Kristin Van Tassel uses logos mostly in references to the physical destruction of New Orleans after the hurricane. She craftily contrasts the scenario to her quiet hometown in the Midwest and claims that the city is disorienting. Again, these physical descriptions help the audience identify with her and accept her credibility, while provoking the overwhelming sense of loss, confusion and uncertainty in a place so foreign that it might as well be on the other side of the world. Like with ethos, occasionally, Van Tassel will employ a violation of logic altogether: Although she is the instructor, Van Tassel often remarks But the truth is, they were taking care of me. Just as she logically could not picture herself at a Drag-King show on New Orleans Bourbon Street, yet somehow ended up there anyway, she seems to find herself in a situation of role-reversal with her students, when technically, she is the teacher. The authors plays with logic stress the fact that she should know what she is doing and the role she is to play, yet, when thrown into an unknown world where all sense of judgment is skewed, she experiences ambivalence about her job and whether she is capable enough to be leading these students into vast, unknown territory with which even she herself is unfamiliar. Another potent example of logos is the section at the end of the essay when Van Tassel is in the mask store. She admires the uniqueness of each mask and, when trying one on, comes to the logical conclusion that she felt familiar but strange. This example she gives strengthens her argument that travel experiences can throw one out of ones comfort zone and into a strange uncertainty of emotion, just as she is in charge of these students and yet sometimes feels so helpless and out of control. She notes that the masks are merely a cover, a label, a mark that the person underneath is still dazed and confused, meandering through experience after experience and wandering aimlessly among signs that dont always make sense."

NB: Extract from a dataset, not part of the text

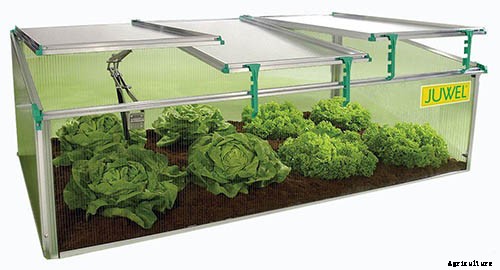 How to Grow Tomatoes From Seed in 6 Easy Steps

Van Tassel, as she leaves the mask store, realizes that travel has a way of showing us how close we all live to the boundaries of what we know. This argument is essentially saying that every day we live our lives under the cover and protection of a mask, but as soon as an unexpected storm hits and we find ourselves in a new place, everything that we know is turned upside-down. Often, we are unsure of what to do and come to test our limitations in adapting to the new surroundings. In this essay, author Kristin Van Tassel argues this point through the establishment of ethical values (or lack thereof), the emotional appeals to the audience, and the logical (or illogical) conclusions that she draws, all through her own personal journey in discovering how to lead her students through the battered New Orleans, test her limitations in her encounter with Lee and takes off her own concealing mask as she left the Mardi Gras mask store. Van Tassel comments subtly in this essay that people should all take journeys similar to this, and it doesnt matter to where, in order to truly discover who they are as people, what their values and beliefs are, and how they can challenges their restraints. This is communicated effectively by the author through the audiences identification with her, her system of judgment, her empathy with Lee, and her eventual realization of what her role, as forced upon her by travel and experience, is. Yet of course, Van Tassel ultimately says that no matter how you go about traveling, you will never be able to fully understand yourself or the places in which you find yourself because this world is a place we are still merely learning to recognize.